"East St Louis Toodle-Oo" (also "Toodle-O") is a composition written by Duke Ellington and Bubber Miley and recorded several times by Ellington for various labels from 1926–1930 under various titles. This song was the first charting single for Duke Ellington in 1927 and was one of the main examples of his early "jungle music". This composition was covered by Steely Dan on their 1974 album Pretzel Logic.

Recording history 
Ellington first recorded "Toodle-Oo" in November 1926 for Vocalion Records, which was released as Vo (1064). He recorded the composition twice more in early 1927 for Brunswick Records; the first version was not released at the time, but the second was released as Br (3480). He recorded his hit version in March 1927 for Columbia Records, under the name "the Washingtonians". Along with recording "Toodle-Oo", two other compositions were recorded at the same session, "Hop Head" and "Down in Our Alley Blues", the former of which would be released as the B-side of Columbia 953-D.
 November 29, 1926 E-4110  Vocalion 1064
 February 3, 1927 E-21636 E-21637 E-21538  Brunswick rejected
 March 14, 1927 E-21872 Brunswick 3480, Brunswick 6801, Brunswick 80000, Vocalion 1064 (some later pressings)
 March 22, 1927 W 143705-3 Columbia 953-D
 December 19, 1927 41245-1 Victor 21703
 December 19, 1927 41245-2 Victor 21703, Bluebird B-6430, Montgomery Ward M-4889
 January 19, 1928 W 400032-A OKeh 8638 (as "Harlem Twist", by Lonnie Johnson's Harlem Footwarmers, which features Johnson on guitar)
 March ?, 1928 2944-A and B Cameo 8182, Lincoln 2837, Romeo 612 (as The Washingtonians), and 108079-1 Pathe 36781, Perfect 14962 (as The Whoopee Makers) (identical to one of the takes of 2944)
 April 3, 1930 150167-3 Diva 6046-G, Velvet Tone 7072-V (as Mills' Ten Black Berries)
 February 9, 1932 71812-2 and 3 Victor L-16007 (33 1/3 10" long playing transcription, first part of a 3-song medley)
 March 5, 1937 M-180-1 Master MA-101, Brunswick m7989 (as "The New East St.
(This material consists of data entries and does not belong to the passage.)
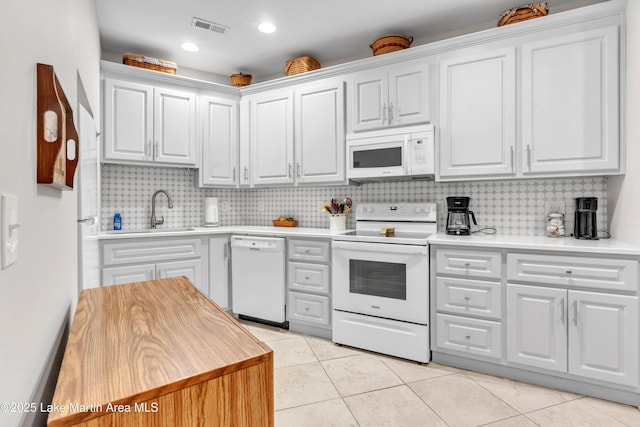 kitchen with light tile patterned flooring, sink, backsplash, white cabinets, and white appliances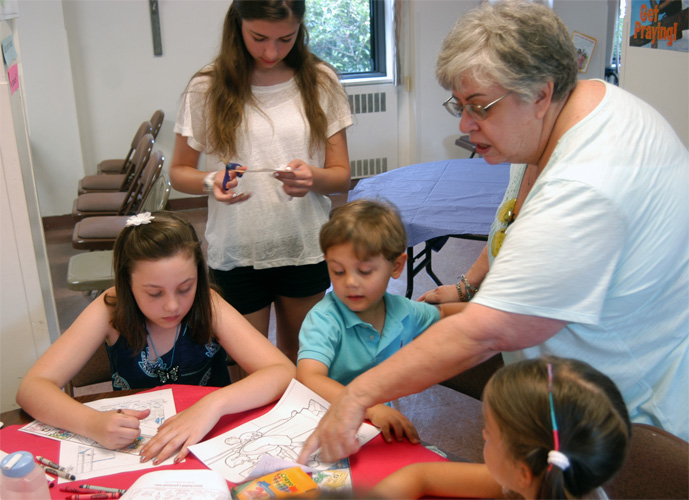 Volunteer Jane Donlon explains the Bible scenes campers are coloring.
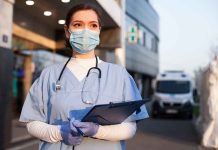 Doctor wearing mask and gloves, holding clipboard outside hospital.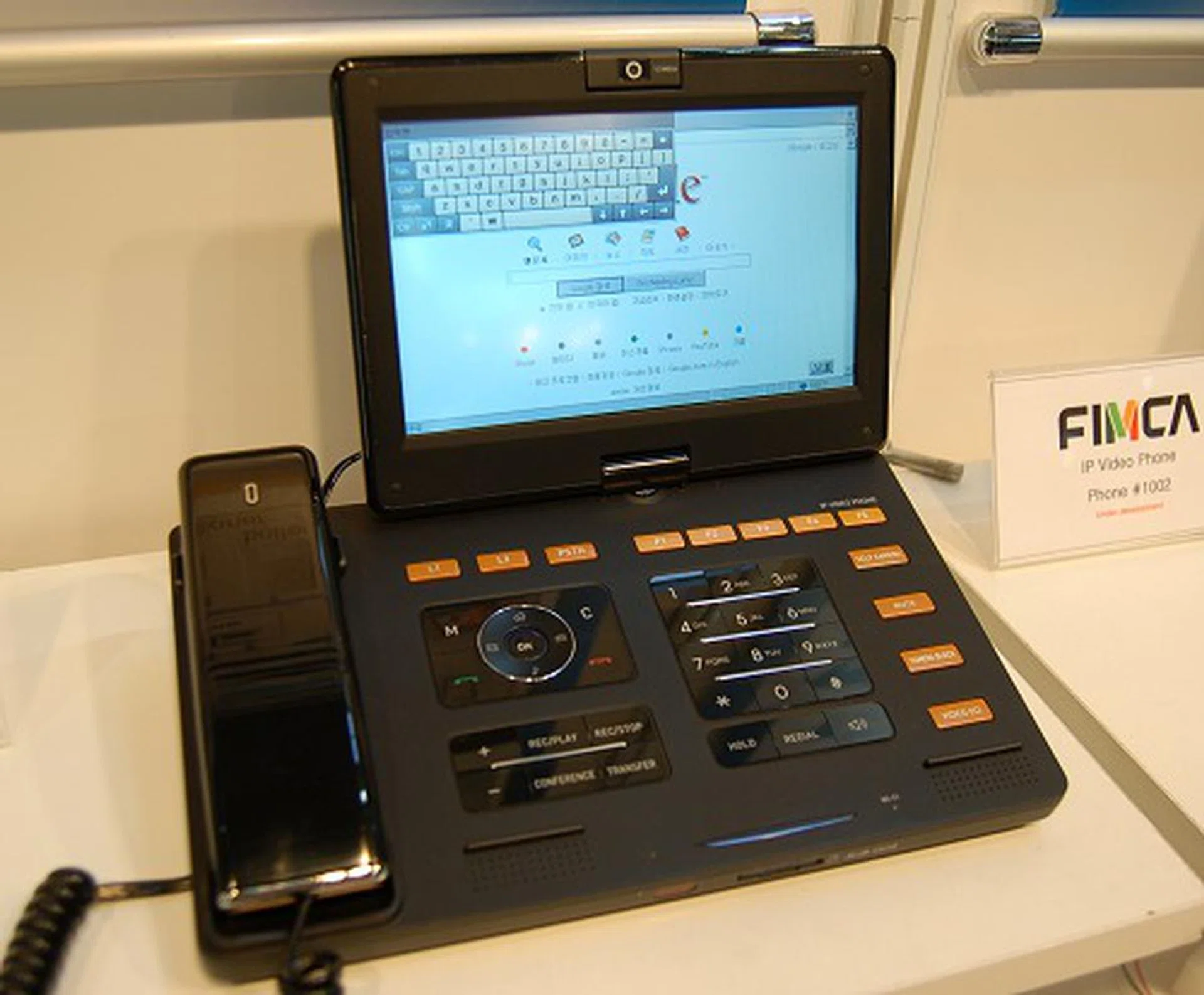  Korean company Hyunjin had this interesting VOIP video phone under the Fimca brand that acts as an entertainment and multimedia station as well. Equipped with USB , LAN, WAN, multi-card reader, AV in/out and even HDMI ports ï¿½ we bet you have a good idea of its networking and entertainment capabilities. It's huge 7-inch touch screen (800 x 480) handles internet video and audio pretty fluidly and did we mention it doubles up as a digital photo frame as well as able to surf the Internet?  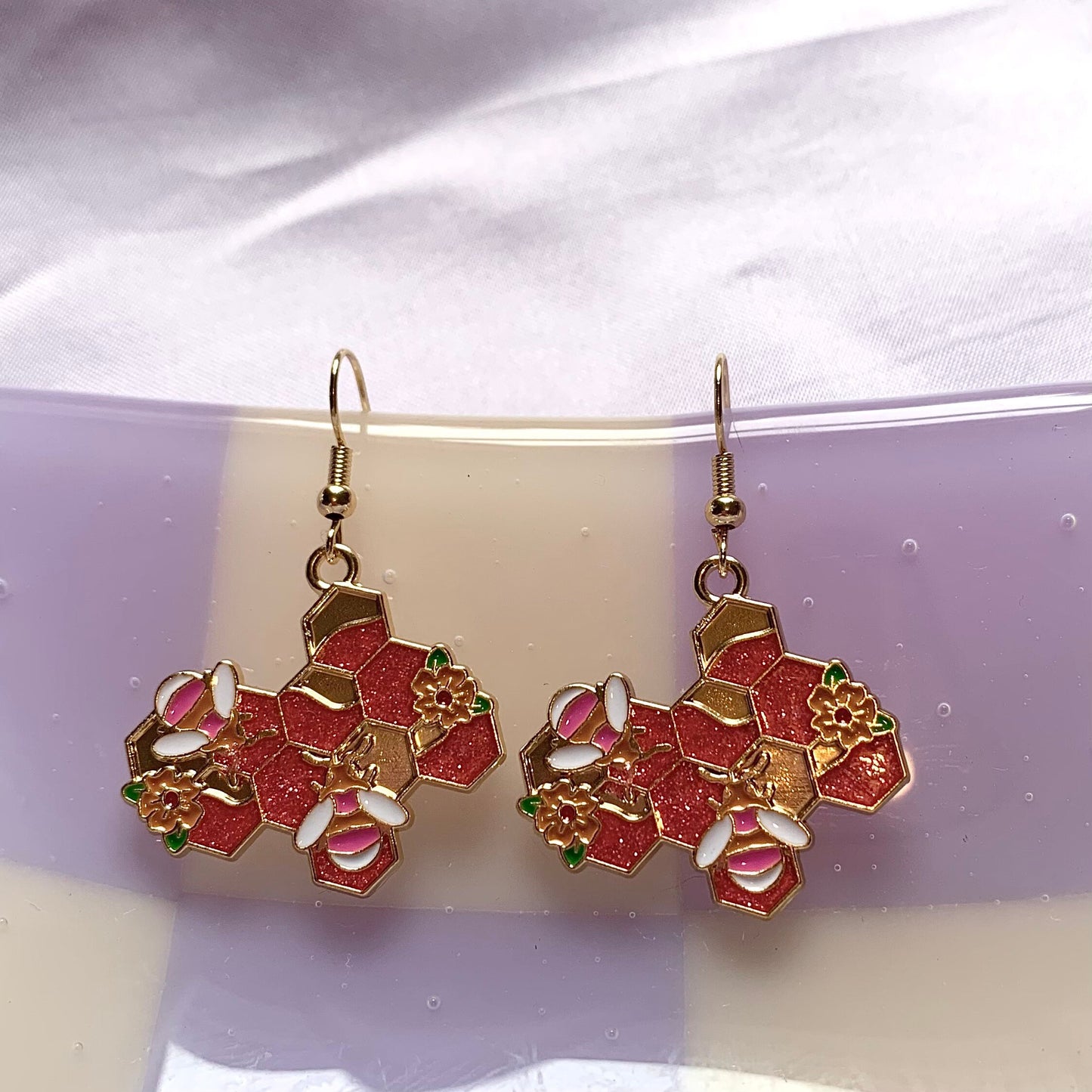 Pink glitter bumble bee and honey Comb gold earrings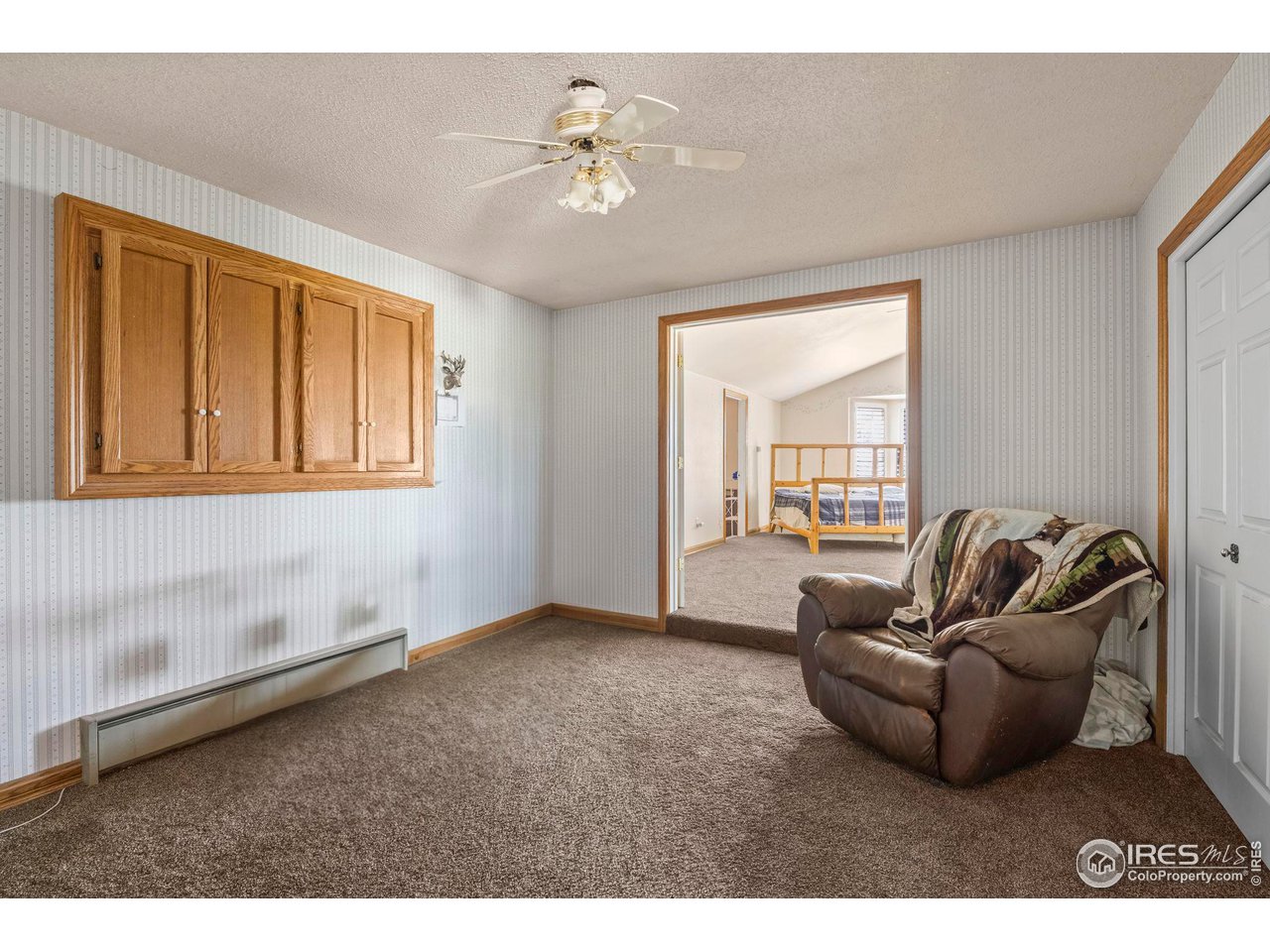 32864 County Road 49 Greeley, CO 80631 - Photo 20 of 40 a living room with furniture and a window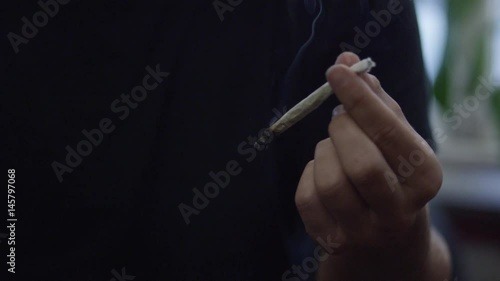 A man smoking a marijuana weed joint in slow motion inhaling smoke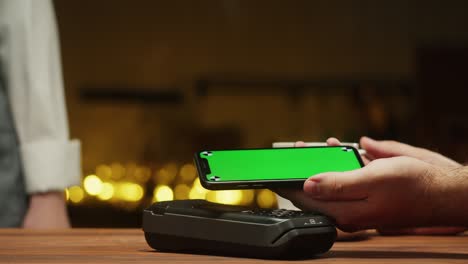 pagar por teléfono inteligente con pantalla verde cromada de primer plano. comprar sin dinero en efectivo en un restaurante o cafetería. comprar café utilizando el concepto de pago sin contacto y sin contacto. tecnología nfc y terminal bancario.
Louis Toodle-O")
 February 7, 1956 Bethlehem Be BCP-60

Music 
"East St. Louis Toodle-Oo" features a growling plunger-muted trumpet part played by co-composer Bubber Miley, one of the first jazz trumpeters to utilize the style. This style was carried on by later Ellington trumpeters Cootie Williams (1937 recording), and Ray Nance (1956 recording).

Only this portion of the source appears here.